The exhibition begins with a grand entrance and begins at the beginning. A group of ancient Greek pots decorated with athletes from the earliest Olympics establishes a core dilemma. Sports are about performance, and early athletes performed naked. The jockstrap — and there’s a thing called the jillstrap, too — wasn’t developed until the 1870s. How to reconcile competition and performance on the one hand and, on the other, a snappy look? A poster for the 1924 Olympics, held in Paris, depicts tanned, toned but naked athletes, except for garlands for modesty.

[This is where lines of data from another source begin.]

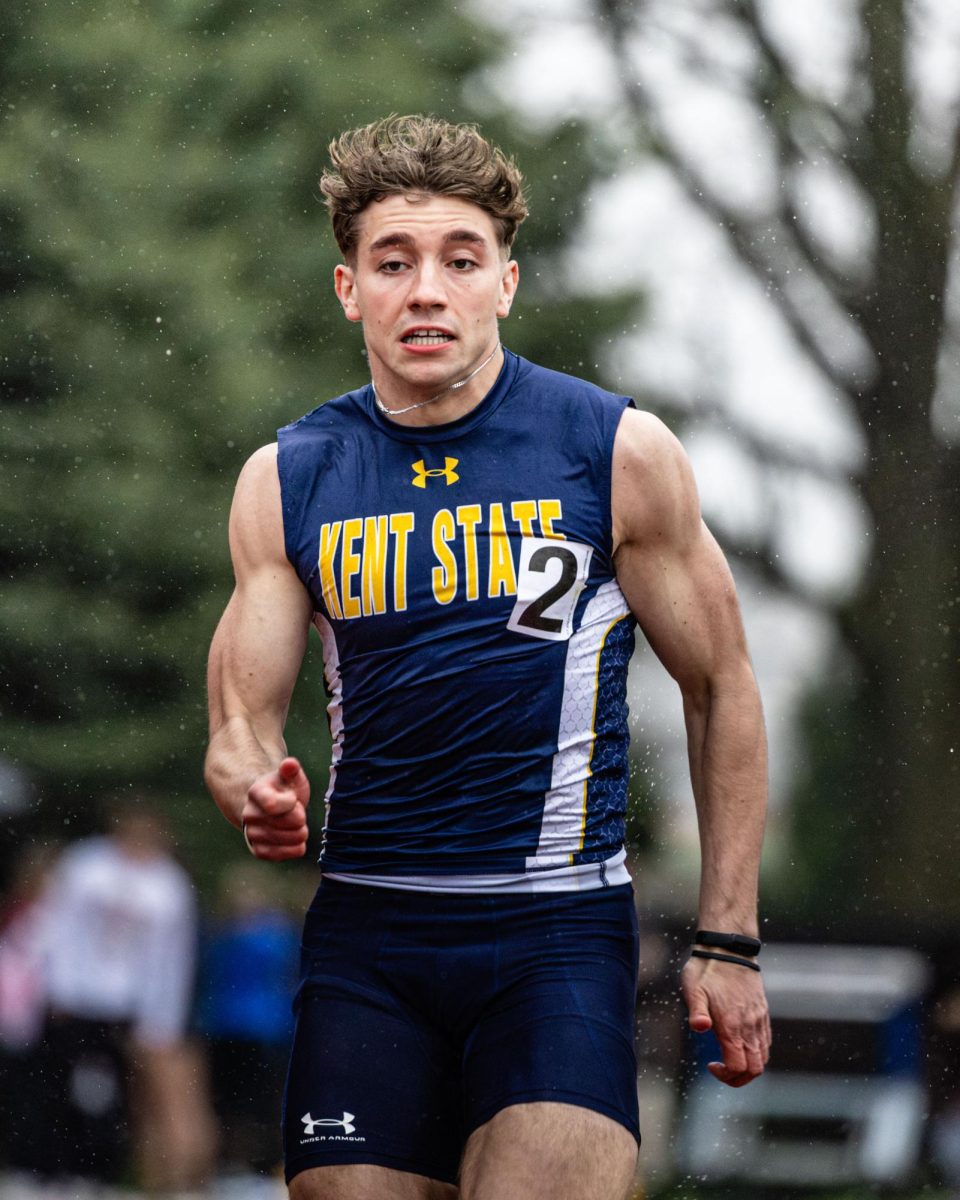 Kent redshirt Sophomore Ethan Pater competes in the sprints at the Northeast Ohio Open on April 10, 2026.
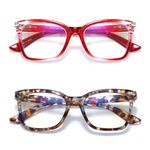 Areyeth 2 Pair Oversized Square Trendy Reading Glasses for Women, Blue Light Blocking Computer Readers with Flexible Spring Hinge(Red+ Coffee, 2.25)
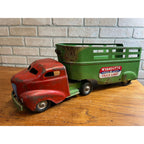 Vintage Wyandotte Truck Lines Green & Red Steel Toy Trailer Truck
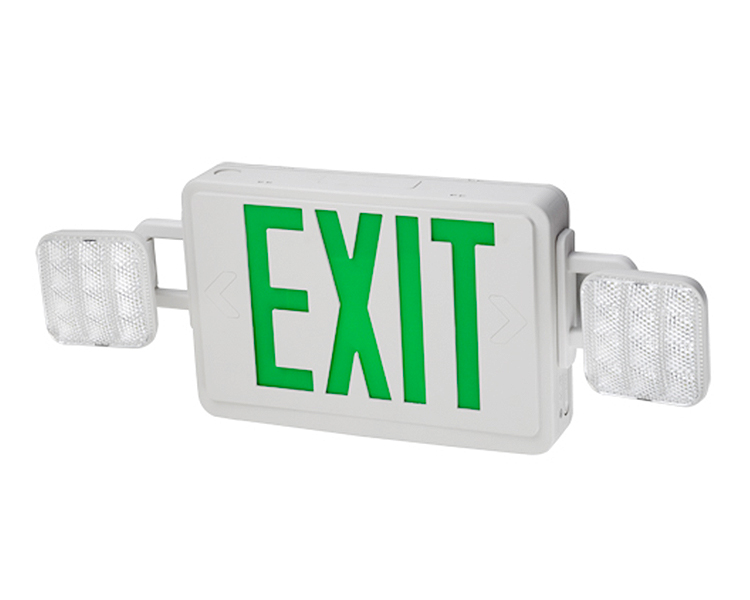 JLEC2GW-ledet combo Emergency exit-skilt med grønne bogstaver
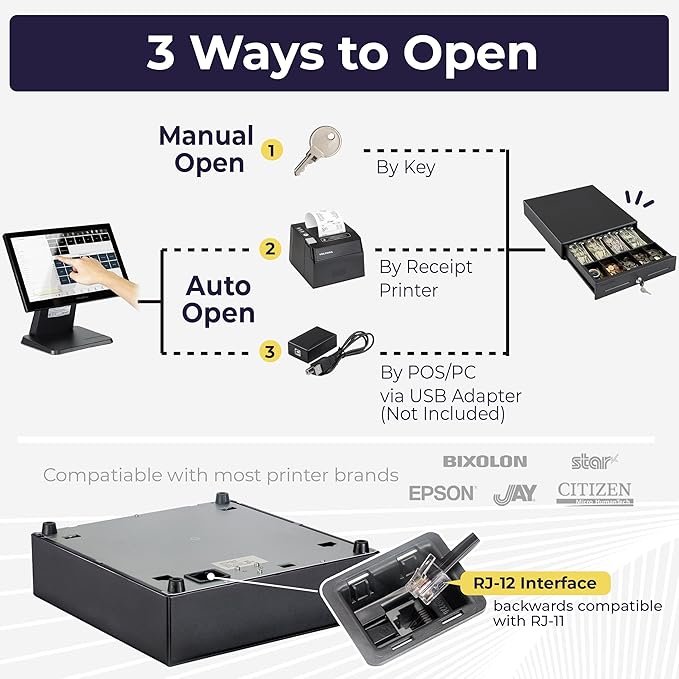 Volcora 13" Electronic Cash Register Drawer for Point of Sale (POS) System with 4 Bill 5 Coin Cash Tray, Removable Coin Compartment, 12-24V, RJ11/RJ12 Key-Lock, Black - for Small Businesses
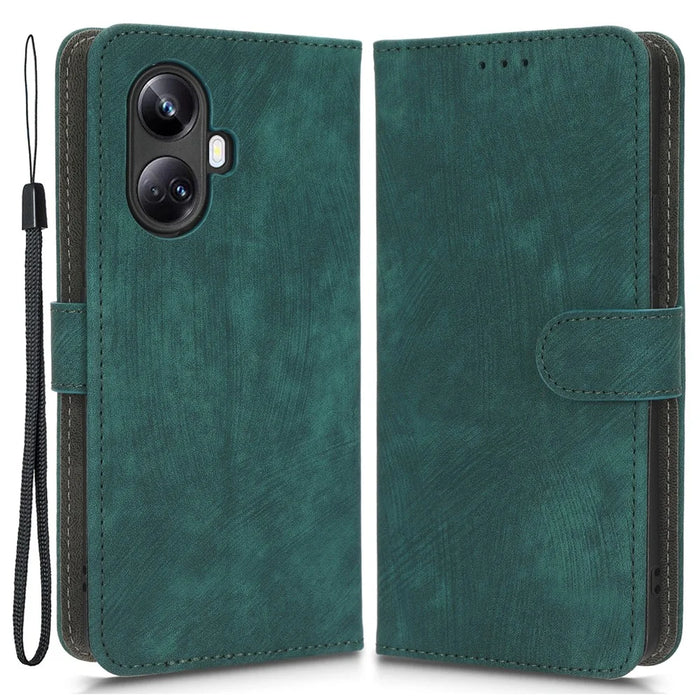 For Realme 10 Pro+ 5G RFID Blocking Wallet Phone Case PU Leather Stand Flip Cover with Strap - Green - 1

The freedom from restraint bolstered performance, unless the game was jousting on horseback. Jousting-wear was ceremonial or formal clothing tweaked for riding. For tennis, which dates to the Renaissance, players wore day clothes suitable for their class, though over time, if tennis was on the agenda, players tended to wear white. Riding, archery, hunting, and fencing started as utilitarian activities but, among the rich, evolved into sources of pleasure and then ways to compete. Wool and cotton replaced silk for comfort and resistance to dirt. Women riders started to wear knickers for modesty in the event of a fall. Though invisible under riding skirts, knickers paved the way for women’s trousers decades later.

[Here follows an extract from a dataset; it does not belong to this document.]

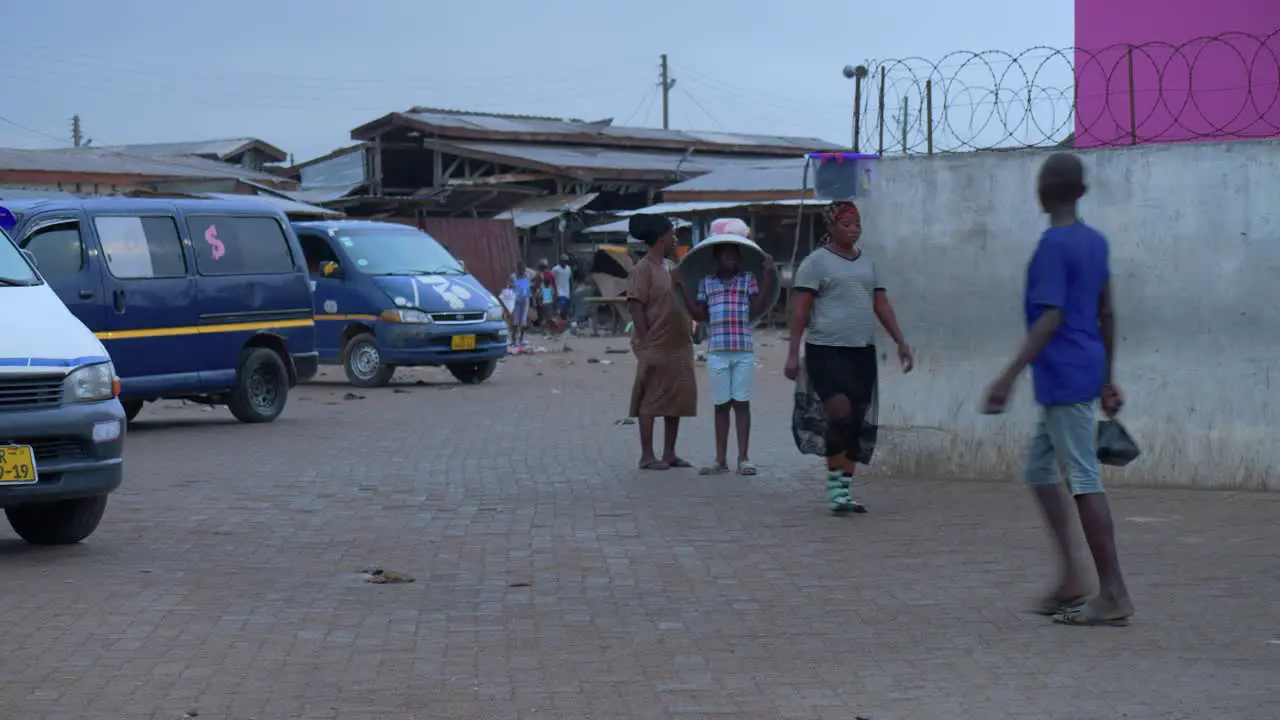 Residents at Esiam bus station in the city of Cape Coast Ghana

Early fashion for men isn’t very fashionable. (Brian Allen)

The exhibition combines sports fashion on mannequins or mounted in cases with video clips and, here and there, paintings. But paintings are too formal and static for what is, after all, a show about action. Corsets disappeared for many reasons, but among them was the popularity of cycling starting in the late 19th century. A riding corset on view must have felt like an instrument of torture. At the waist, it’s about as large as my watchband. Organized, competitive sports teams in British boarding schools led to color-coordinated team jerseys. Jockstraps, originally made for bicycle-riding delivery boys and men starting in the 1870s, when bad roads jostled the organs, navigated in hardened form to cricket, fencing, hockey, and other sports with flying objects.

Evolutions in swimwear for women. (Brian Allen)

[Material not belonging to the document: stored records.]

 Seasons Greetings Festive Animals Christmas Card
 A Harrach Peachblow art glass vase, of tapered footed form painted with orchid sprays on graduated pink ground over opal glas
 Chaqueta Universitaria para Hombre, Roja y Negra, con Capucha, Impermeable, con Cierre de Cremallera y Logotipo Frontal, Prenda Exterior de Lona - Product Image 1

A gallery on swimming shows us how slowly women’s fashion changed compared with men’s. Into the 1910s, women’s bathing garments restricted rather than promoted swimming. Accompanying seaside resort vacations starting in the 1870s were drownings, but it took decades and Gertrude Ederle for the pared-down women’s bathing suit to emerge. Men wore bathing shorts and shirts starting in the 1870s and, by the ’80s, only shorts. When Ederle swam across the English Channel in 1926, she wore a bespoke two-piece suit not available on the market. Swimming then became a sports craze for women, with accompanying beach pajamas, and, starting in 1946, the bikini.

The ceiling of the swimwear gallery is decorated with silhouettes of swimmers and a wave-themed light-and-shadow show with the sounds of water splashes. Praise the Lord, the narcissist kook Lia Thomas is nowhere to be found, wet or dry.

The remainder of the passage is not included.